As the spending review nears its end, it looks ominously as if universities are to be shafted again (page 1). The National Health Service, pensioners, schools and colleges will get higher priority. Yet ministers are blaming universities for a situation of their own making. Universities have effectively been nationalised by successive governments, Conservative and Labour. Government policies mean that the number of top flight universities is static or shrinking as research funding becomes more concentrated and per capita funding for teaching dwindles everywhere. Student numbers are tightly controlled by a government too mean to pay for the staff, facilities and support needed to power wider participation.

But while supply is controlled, demand is rising. The value of a university degree is ever more apparent. Aspiring parents, students and schools compete ferociously for places in the handful of internationally recognised institutions. People trying to do a professional job of selecting the best students are under ruthless pressure from the privileged. They are also under pressure of time and resources. Who can be surprised that interviews are now rare outside Oxbridge (where they are under attack for bias), and A-level grades or predicted grades are seen as the only relatively objective way of apportioning scarce places - despite the known correlation between A-level scores and careful coaching.
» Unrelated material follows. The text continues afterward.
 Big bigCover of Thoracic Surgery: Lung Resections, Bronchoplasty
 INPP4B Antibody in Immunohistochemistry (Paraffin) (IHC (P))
Government nagging (plus inducements) may well result in more under-privileged young people being admitted to top universities. That will be a good thing. But it will not produce the just society Labour dreams of. It will increase cheating and it will further swell the flow of talented (and rich) students to the United States. What is needed is not bitter wrangling over too few opportunities but a broader and more generous higher education system with better support for the poor and wider opportunities for all. And there is only one way to get that: pay for it. Either the government must stump up or it must give back to universities the freedom, so effectively exercised by Harvard, to seek their own salvation. The trouble is that no one - neither university leaders, staff, students nor politicians - has much taste for such freedom, which is not surprising (see letters opposite) when you look across the Atlantic to the burdens involved.